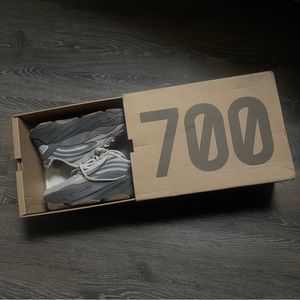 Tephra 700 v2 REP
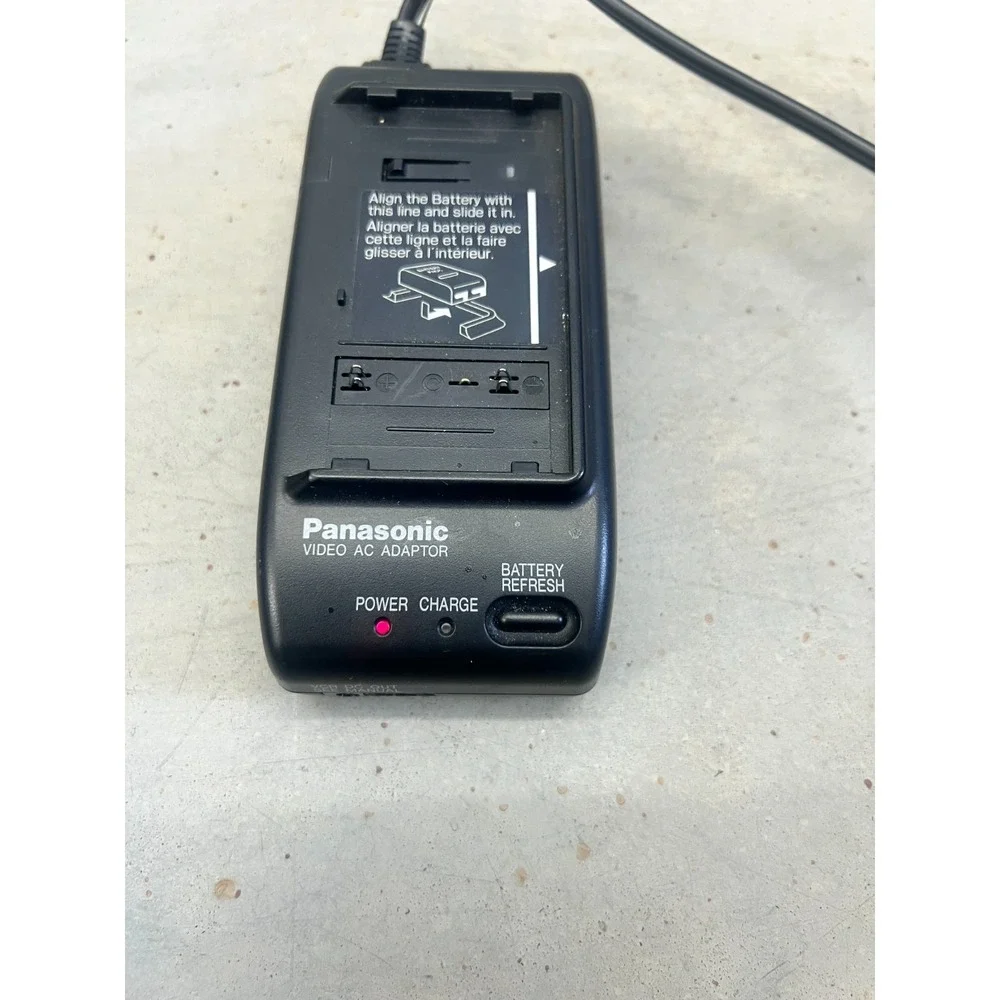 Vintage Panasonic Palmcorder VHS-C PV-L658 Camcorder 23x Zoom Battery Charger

------------------------------------------------

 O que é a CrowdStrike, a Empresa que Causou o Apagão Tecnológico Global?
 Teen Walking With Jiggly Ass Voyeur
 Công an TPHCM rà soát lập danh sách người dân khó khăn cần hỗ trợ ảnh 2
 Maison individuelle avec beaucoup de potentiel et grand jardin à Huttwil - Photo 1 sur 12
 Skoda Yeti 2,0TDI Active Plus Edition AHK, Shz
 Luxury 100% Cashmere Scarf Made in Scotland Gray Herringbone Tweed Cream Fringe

------------------------------------------------

__EXERCISE INSTRUCTIONS__
Among the records above, extract exactly the lines from the line with "Teen Walking With Jiggly Ass Voyeur" to the line with "Luxury 100% Cashmere", both lines included, and leave out the rest.

__OUTPUT OF THE EXERCISE__
 Teen Walking With Jiggly Ass Voyeur
 Công an TPHCM rà soát lập danh sách người dân khó khăn cần hỗ trợ ảnh 2
 Maison individuelle avec beaucoup de potentiel et grand jardin à Huttwil - Photo 1 sur 12
 Skoda Yeti 2,0TDI Active Plus Edition AHK, Shz
 Luxury 100% Cashmere Scarf Made in Scotland Gray Herringbone Tweed Cream Fringe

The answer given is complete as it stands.